In 2015, the company introduced its first hardware product – the Y. Cube. It combines lithium-ion battery blocks with a Younicos-engineered power conversion system (PCS) in a custom enclosure, controlled by Younicos energy storage software. The firm also raised $50 million in growth capital from a group that includes First Solar, Inc. and Grupo ECOS.

As of end-2016, Younicos had contracted for or installed a total of 200 MW of energy storage systems, with 75 MW booked in 2016. Compared to 2015, that represented a 400% increase in annual bookings.

In July 2017, Younicos was acquired by Aggreko and is now a wholly owned subsidiary of the Scottish company.
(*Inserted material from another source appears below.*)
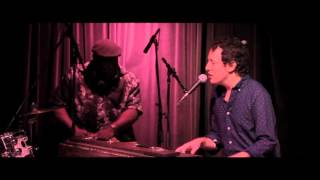 Mike Evin - Lose My Grip (live at Burdock)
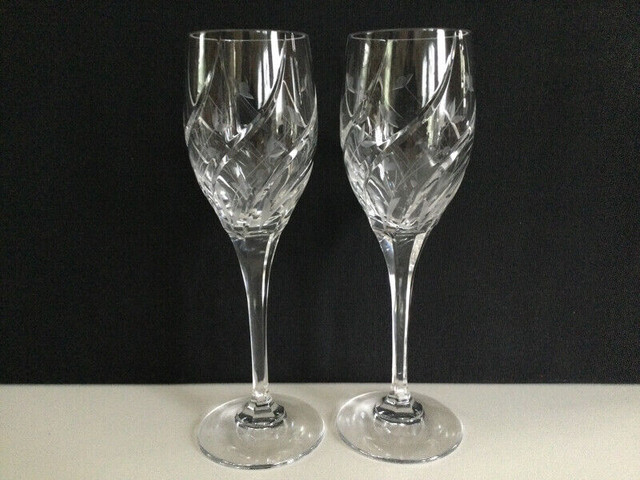 Crystal Wine Glasses in Kitchen & Dining Wares in Moncton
In October 2018, Aggreko completed the integration of Younicos into its newly formed Microgrid and Storage Solutions business unit. The name "Younicos" is no longer in use.

== Products ==
Y.Cube

Y.Cube is a ready-to-install storage system with all components inside a single enclosure. This off the-shelf solution comprises batteries, inverter, HVAC and auxiliary components, tested and pre-assembled by Younicos.

Y.Station

Y.Station is designed specifically to meet large-scale energy storage requirements. The pre-designed, pre-engineered solution allows for efficient project planning and faster deployment.

Y.Q

The Younicos Y.Q operating system is an integrated control platform at the core of every Younicos energy storage system.

== Select Storage Projects ==
Centrica (UK)

Younicos has been selected by Centrica to design and deliver one of the world's largest battery-based energy storage systems. To be completed by winter 2018, the 49 megawatt (MW) lithium-ion system will respond to fluctuations in electrical demand in less than a second, to maintain electric power frequency and stability.

It is located on the site of a former coal-fired power station in Roosecote, Cumbria

WEMAG II (Germany)

Younicos, in partnership with German utility WEMAG, built a 5 MW/5 MWh battery power plant in the Schwerin district of Lankow, Germany. In late 2016, WEMAG decided to enlarge their Battery Park to double its power output from 5 MW to 10 MW, with the energy capacity increasing from 5 MWh to 15 MWh.

Notrees (Texas)

U.S. utility Duke Energy is using Younicos controls technology to manage operations for a 36 MW energy storage system at the site of Duke's 153 MW wind farm in Notrees, Texas. The Notrees Battery Energy Storage System (BESS), funded in part by a U.S. Department of Energy Smart Grid award, was constructed by Duke Energy in 2012, and is the largest wind-integrated storage resource in North America. In 2016-17, the Notrees BESS is being repowered with more advanced lithium-ion batteries.

Graciosa (Azores)

Younicos Y.Q software platform is at its full grid-forming potential on the island of Graciosa in the Azores, where it provides real-time power management and energy dispatch for the entire island's grid. The system allows the island to be powered entirely by wind and solar, with the existing diesel generators used only as backup power during prolonged periods of unfavorable weather.

== Xtreme Power==

In April 2014, Younicos acquired the assets of the former Xtreme Power, a Kyle, Texas-based battery systems developer, after it had filed for Chapter 11 bankruptcy protection in January of that year.

Xtreme Power was founded in 2004 in Austin, Texas. In 2009, it installed its first megawatt-scale storage system in Maui, Hawaii. Working with Duke Energy, in 2012 Xtreme Power commissioned the largest wind-integrated battery storage system (36 MW / 24 MWh) in the U.S. in Notrees, Texas.